(INPUT MATERIAL)
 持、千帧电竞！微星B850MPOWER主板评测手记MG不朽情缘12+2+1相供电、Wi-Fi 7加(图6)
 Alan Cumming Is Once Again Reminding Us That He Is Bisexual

* * *

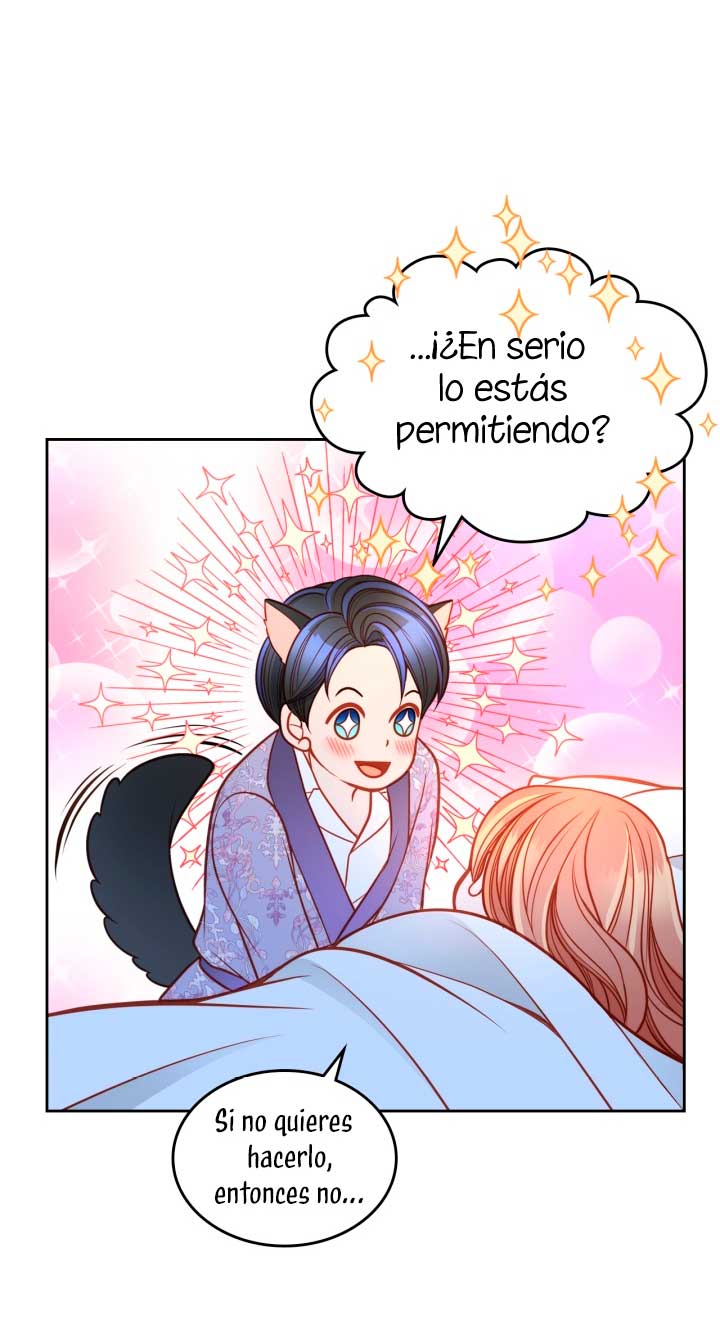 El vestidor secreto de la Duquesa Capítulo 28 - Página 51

(AIM OF THE EXERCISE)
Copy the lines above exactly, beginning at the line that has "持、千帧电竞！微星B850M" and stopping after the line that has "Alan Cumming Is", and omit the rest.

(OUTPUT BELOW)
 持、千帧电竞！微星B850MPOWER主板评测手记MG不朽情缘12+2+1相供电、Wi-Fi 7加(图6)
 Alan Cumming Is Once Again Reminding Us That He Is Bisexual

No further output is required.